Jabison drove us back by an alternate route. This track avoids the creek crossing that provided so much exercise earlier. What a fabulous trip this turned out to be as the troopie dashed along the track, a track overgrown by metre plus high grass. The grass was lit up, almost disembodied in the brilliant light of the setting sun. The rays of light were broad beams of illumination into forest, down hills and across grassland interspersed with early night shadow.. As we drove along, Jabison told us some wonderful stories of this place. This area, a plain ringed by five low hills is full of secret places. We passed the men’s place earlier but here were many more. There is a swamp where the people can swim. This swamp has permanent water and has a great lizard, bigger than a crocodile. This great beast stays under the water as it has done for a very long time. Only one thing will cause if to attack and eat a child or adult in the water or lounging on its grassy banks. This is if someone is talking another language to the local people of Yuendumu. They themselves are always safe unless they speak another language. One day a coloured fella brought a group of children to swim and while they played in the water, he saw something big deep in the water. He warned them all to only speak in their language which was hard for him as he was not fluent in the language. No one came to any harm but he was still worried he would get blamed if some of the children got eaten. By the way, Aboriginals call themselves the people and we are the coloured people.
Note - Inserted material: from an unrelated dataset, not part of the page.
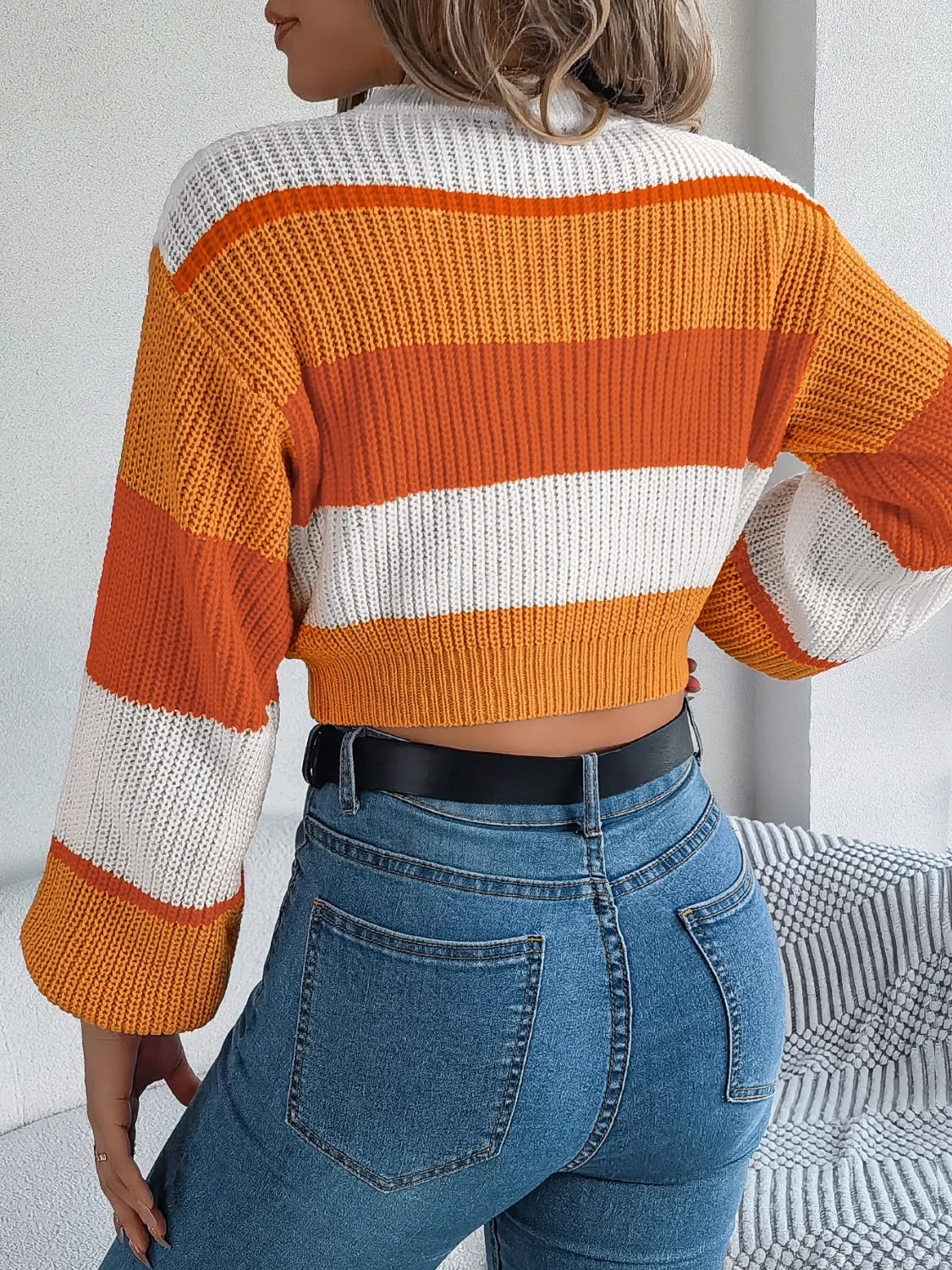 Mi Amore Sweater - Multi Color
Further along he told us about Bigfoot, a giant who would eat the people, the grown ups and the children of Yuendumu. Anyone who got last or even went out at night was not safe from him. He lived in a cave still called the Giants Hole and he was so big and so strong, he would move a massive rock to form a door. One day the people had had enough and a warrior called Bint Ji ( I have not got the names quite right so apologies to everyone for this) who with other warriors killed the giant, once and for all freeing the people from him..

Today, if it rains, and rains and night comes, in Papunya which is not far from here, if you go out you will see giants carrying huge burning fire sticks. But you can never tell anyone because they invariably will catch you and eat you. 

By now our track had joined the Halls Creek road, and we crossed Mission Creek at in more gentile style. The sun was setting apace now and the clouds formed huge folds of richly glowing colour. As we pulled up outside our house, we thanked Jabison profusely then walked across the sandy road to take photographs. We had seen Beryl, who is one of the nurses, standing on the road doing just that with her iPhone. We ignored the barking dogs and watched the sunset with its splendid desert colours light up the western sky. Wow!